What made you become a mentor? Maybe you wanted to extend your reach and impact beyond the quotidian. Maybe you experienced the benefits of mentoring and wanted to give back. And what’s next once you don this mantle? You might be oscillating between teaching, supporting, and assessing your mentees, wondering about your role in their development (Peiser 2018).
Answering the classic W and H-questions might help you to think through the mentoring process.
WHAT do I have to offer?
Reflect on your career path and particularly your mentors. What qualities did you appreciate in them? What resonated with you about their mentoring style? Also reflect on your managerial style. What aspects of your persona in the professional world do you want to leverage as a mentor?
It might take some trial and error until you find your unique mentorship style- just as it took you some time to find your managerial voice.
HOW can I help my mentee?
Assess your mentee’s needs before assuming that the style that worked with one mentee would work with others. Being cognizant of the uniqueness of your mentees will show you the way you can serve their needs best.
Practice active listening and resist the urge to complete mentees’ sentences, thoughts, or overlay your experiences on theirs. Mentoring is like helping unravel tangled thread. You can work together with your mentee to show how to untie the knots but let them create their own designs.
Next, create SMART goals for your mentoring relationship- specific, measurable, attainable, realistic, and timed. These should form the discussion agenda during your conversations and be revised as your mentee evolves into new roles or life phases. Identify what success should look like for your mentee: is it a promotion, better negotiation skills with family, a product launch?
The Other 3 Ws
Let’s flesh out the other three Ws- when, where, and why.

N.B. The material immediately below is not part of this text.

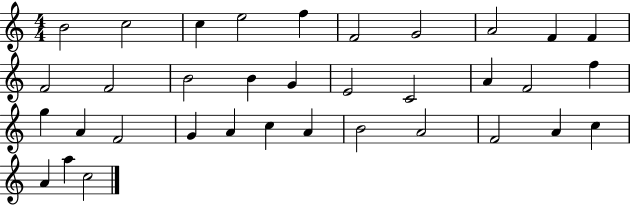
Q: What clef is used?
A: treble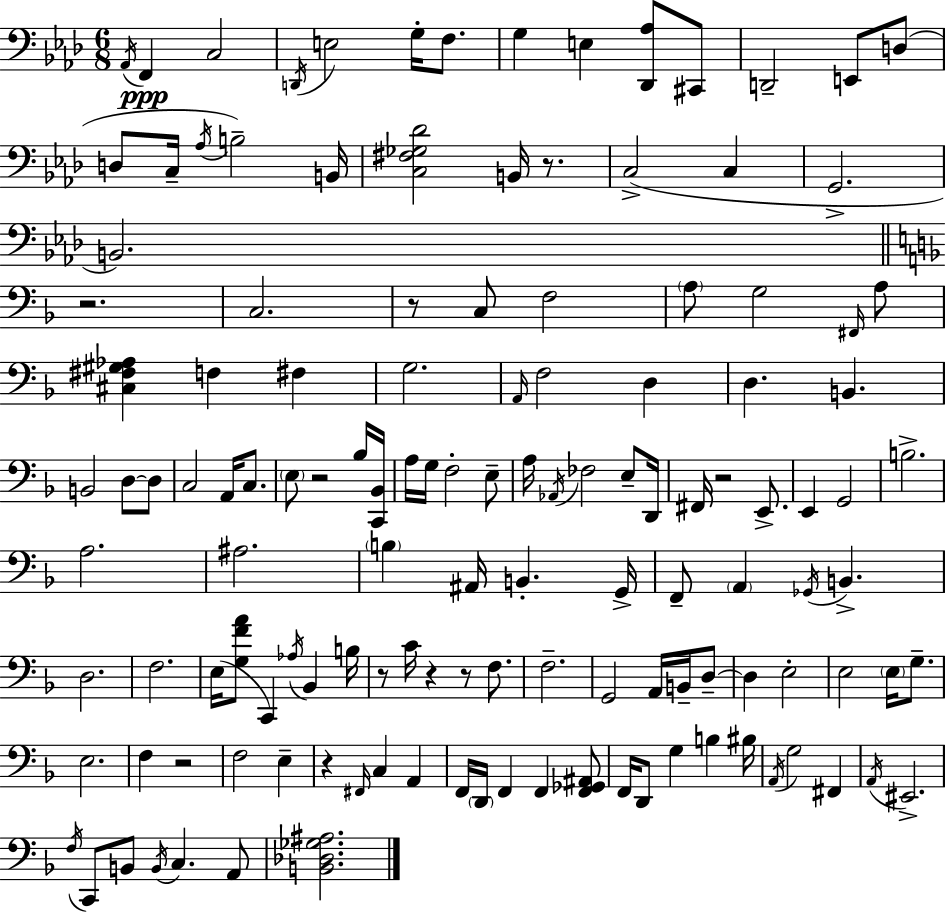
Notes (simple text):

Ab2/s F2/q C3/h D2/s E3/h G3/s F3/e. G3/q E3/q [Db2,Ab3]/e C#2/e D2/h E2/e D3/e D3/e C3/s Ab3/s B3/h B2/s [C3,F#3,Gb3,Db4]/h B2/s R/e. C3/h C3/q G2/h. B2/h. R/h. C3/h. R/e C3/e F3/h A3/e G3/h F#2/s A3/e [C#3,F#3,G#3,Ab3]/q F3/q F#3/q G3/h. A2/s F3/h D3/q D3/q. B2/q. B2/h D3/e D3/e C3/h A2/s C3/e. E3/e R/h Bb3/s [C2,Bb2]/s A3/s G3/s F3/h E3/e A3/s Ab2/s FES3/h E3/e D2/s F#2/s R/h E2/e. E2/q G2/h B3/h. A3/h. A#3/h. B3/q A#2/s B2/q. G2/s F2/e A2/q Gb2/s B2/q. D3/h. F3/h. E3/s [G3,F4,A4]/e C2/q Ab3/s Bb2/q B3/s R/e C4/s R/q R/e F3/e. F3/h. G2/h A2/s B2/s D3/e D3/q E3/h E3/h E3/s G3/e. E3/h. F3/q R/h F3/h E3/q R/q F#2/s C3/q A2/q F2/s D2/s F2/q F2/q [F2,Gb2,A#2]/e F2/s D2/e G3/q B3/q BIS3/s A2/s G3/h F#2/q A2/s EIS2/h. F3/s C2/e B2/e B2/s C3/q. A2/e [B2,Db3,Gb3,A#3]/h.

When and where you offer mentoring support really depends on your and your mentee’s needs and schedules. Along with a set schedule (for example, once a month meetings), spontaneous (online) check-ins help tremendously in a productive relationship. Mentees look upon you as a beacon of hope in their times of turmoil. Be there for them and build trust.
Mentoring doesn’t need to be driven only by mentee goals. If you read an article or see a video that makes you think of your mentee, send it along. And encourage your mentee to do likewise, because the best mentoring is mutually beneficial. Bokeno and Gantt (2000) have termed this “dialogic mentoring,” a way of overcoming the fear of being judged through shared mentor and mentee experiences.
And that brings us to the why of this relationship. What is the value proposition for you? Mentoring can be a fulfilling experience, akin to creating art or nurturing a garden. It is a new way of approaching your own productivity, your professional advancement and satisfaction.
Having said that, mentorship is all about the mentee. As a mentor, your ultimate goal should be enabling your mentee achieve skill building and decision making based on the blueprint(s) you provide them during your timed mentoring intervention. Once the mentee has reached her desired goals that she set with you, it might be time to dial back.
To adapt a known adage, “If you mentor somebody, set them free.”
Yogini Joglekar
Also read:
Bokeno, R M and V W Gantt. (2000). Dialogic Mentoring: Core Relationships for Organizational Learning, Management Communication Quarterly, 14(2): 237-270.
Peiser, G., J. Ambrose, B. Burke, J. Davenport. (2018). The role of the mentor in professional knowledge development across four professions, International Journal of Mentoring and Coaching in Education, 7(1): 2-18.